Box Office Report: Tubelight Flickers

I am so proud of that headline!  SO PROUD!!!!!  Everyone, stand back and admire it………..Okay, moving on, box office!

I used to have to give this whole explanation for what the numbers mean and why I report them they way I do and so on and so on.  But now I can just link you back to that very very long post I wrote for Hindi Film 101 going into every single aspect of box office performance and why it is like it is.  Here you go, read this!  Then come back here for this week’s report. (as always, numbers come from Rentrack by way of BollywoodHungama)

 

Now, the big news this week is “DJ Beats Tubelight!  Hindi Cinema is Dead!  Long Live Telugu Films!!!!!”  But, that’s actually not true at all.  It’s not “DJ Beats Tubelight“, it’s “Tubelight Bad; DJ Average; Correlation is Not Causation”.

 

DJ did $4,596 per screen in the US.  Which is on the good side of average for opening weekend for a major Telugu film.  Telugu is big business in America, big openings are standard, both in number of screens and amount per screen.  Plus, with the doubled ticket prices for a big opening, the per screens can quickly go above what is “normal” for a Hindi film, without being a really really huge hit.

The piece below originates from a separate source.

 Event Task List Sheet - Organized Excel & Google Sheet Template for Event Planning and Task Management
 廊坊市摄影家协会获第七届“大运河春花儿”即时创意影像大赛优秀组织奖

Image result for dj telugu poster

(Or maybe people were just excited to see Allu with semi-normal hair)

Tubelight, on the other hand, did $2,214 per screen.  Which is decent for something like Hindi Medium, means people showed up and bought tickets, but really abysmal for a Khan release.

 

However, and this is where things get fascinating, DJ was only one slot higher than Tubelight in the general American box office, 14 to 15.  Which means, first, that you can reach 15th at the American box office and almost the top of the Hindi-films-in-America box office, just by playing with the screen count.  Tubelight had over 300 screens in America, which is around the limit for the number of screens one Hindi film can get here.  Not the limit for total number of screens that might go to Indian film, but the limit for one film.  If I own a movie theater, and Bajirao and Dilwale are coming out at the same time, I will give one screen to each, they each get around 300 screens, total number of screens playing the big Hindi release in America is 600.  If I own a movie theater and Tubelight is the only film coming out, it just gets one screen.  I’m not going to risk splitting the audience for some funky Indian film between two showtimes.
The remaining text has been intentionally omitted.